# Description of the task
Copy nothing but the lines below, from the one with "this 268×188 image." through the one with "this 1456×819 image.", exactly as written; no pictures should appear.
[Records for this exercise Boundary: Start]
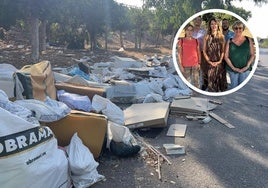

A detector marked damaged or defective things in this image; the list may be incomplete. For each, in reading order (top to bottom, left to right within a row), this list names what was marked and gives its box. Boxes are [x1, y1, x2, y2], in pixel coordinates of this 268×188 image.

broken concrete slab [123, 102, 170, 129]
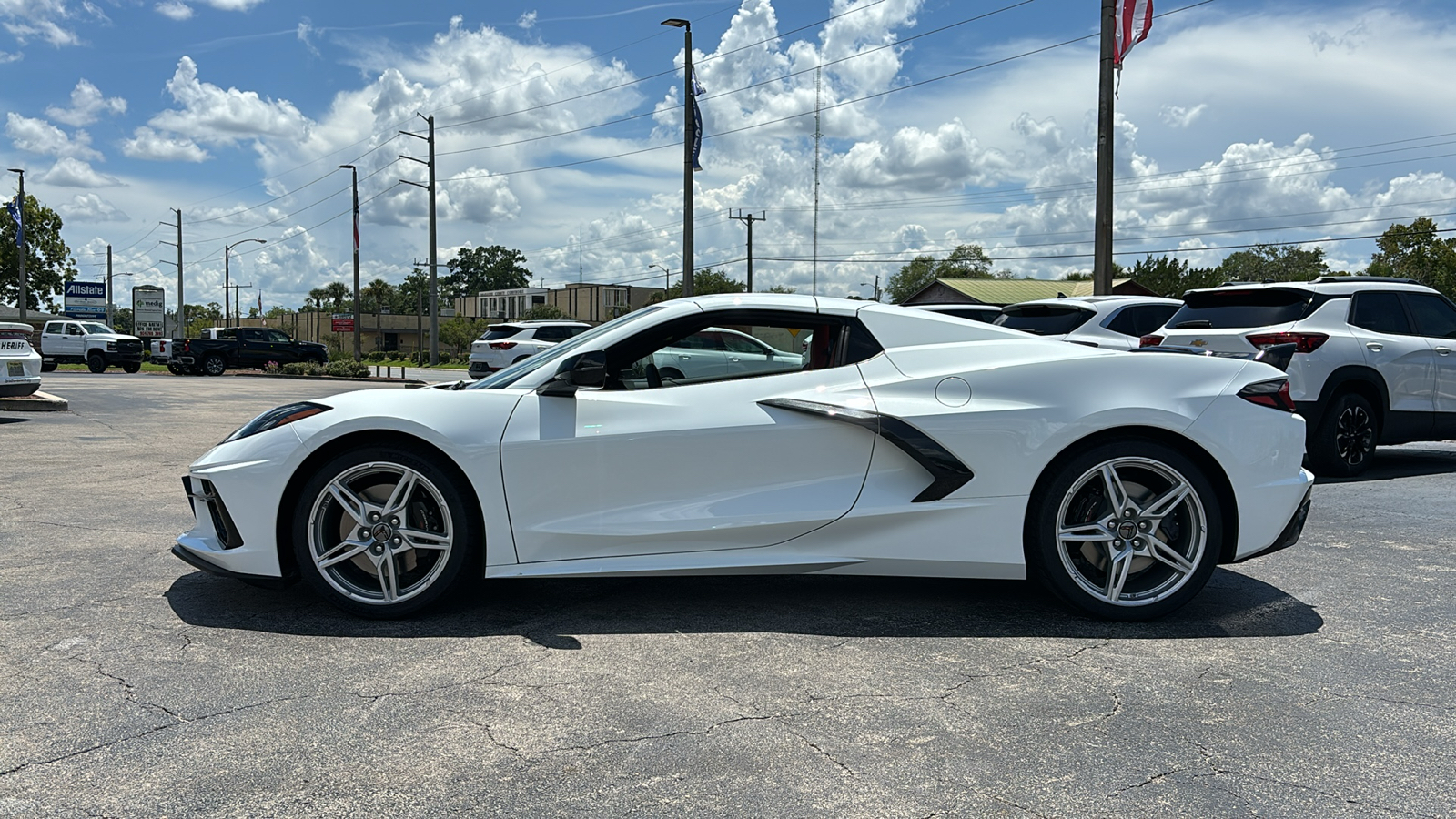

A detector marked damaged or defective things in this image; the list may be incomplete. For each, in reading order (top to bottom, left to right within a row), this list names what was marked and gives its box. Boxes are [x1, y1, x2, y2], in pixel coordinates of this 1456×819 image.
[Records for this exercise Boundary: End]
[Records for this exercise Boundary: Start]
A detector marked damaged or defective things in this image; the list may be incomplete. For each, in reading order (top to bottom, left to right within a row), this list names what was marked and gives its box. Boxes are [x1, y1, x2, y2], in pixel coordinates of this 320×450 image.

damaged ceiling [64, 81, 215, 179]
[Records for this exercise Boundary: End]
# Solution to the exercise
A detector marked damaged or defective things in this image; the list may be incomplete. For each, in reading order (top to bottom, left to right within a row), this list names what was marked and gives its box. Boxes are [x1, y1, x2, y2], in pixel coordinates of this 268×188 image.

broken concrete slab [123, 102, 170, 129]

A detector marked damaged or defective things in this image; the list may be incomplete. For each, in reading order (top to bottom, left to right within a row), this list names what was marked and gives its box. Boxes are [x1, y1, x2, y2], in pixel coordinates of this 1456×819 image.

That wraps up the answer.